The Lessard Outdoor Heritage Council: Meet the members

St. Paul – The 12 members of the Lessard Outdoor Heritage
Council have been named and met for the first time earlier this
week.

Following are brief biographies of each member, as well as short
questions and answers, which are edited for length.

House appointments

DAVID HARTWELL

Hartwell, of Minneapolis, is founder and president of Bellcomb
Technologies. He’s on the boards of the National Audubon Society,
the Land Trust Alliance, the Land Trust Accreditation Commission,
Mississippi River Fund, and the Minnesota League of Conservation
Voters. Hartwell has been active in the Delta Waterfowl Foundation,
and enjoys the outdoors.

Why did you want to be on the council? This is a huge, huge
opportunity to truly create a legacy for future generations in
terms of habitat in the state.

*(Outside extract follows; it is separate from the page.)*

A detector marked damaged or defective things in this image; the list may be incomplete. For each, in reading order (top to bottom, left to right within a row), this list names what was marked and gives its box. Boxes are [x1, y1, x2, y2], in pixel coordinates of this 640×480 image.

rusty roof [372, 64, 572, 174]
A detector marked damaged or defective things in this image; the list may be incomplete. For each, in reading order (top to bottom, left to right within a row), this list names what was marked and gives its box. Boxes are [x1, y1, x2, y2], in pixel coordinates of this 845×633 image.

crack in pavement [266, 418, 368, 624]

I’ve done this kind of work for 25
years and believe passionately in restoration and preservation.

What’s the council’s role, in your mind? The council’s role is
to be wise stewards, and still be entrepreneurial and visionary in
approach.

How should this money be spent – purchasing land, easements,
etc.? There is an absolute role for restoration, and funding for
acquisition – fee or easements. We have to figure out how to
support the infrastructure to get that done. Talk to the DNR or
Ducks Unlimited and ask them if they can put this money to work.
The answer is that today, they don’t have the resources to do all
this work. One of the challenges for the council is how to build
the capacity without building duplication.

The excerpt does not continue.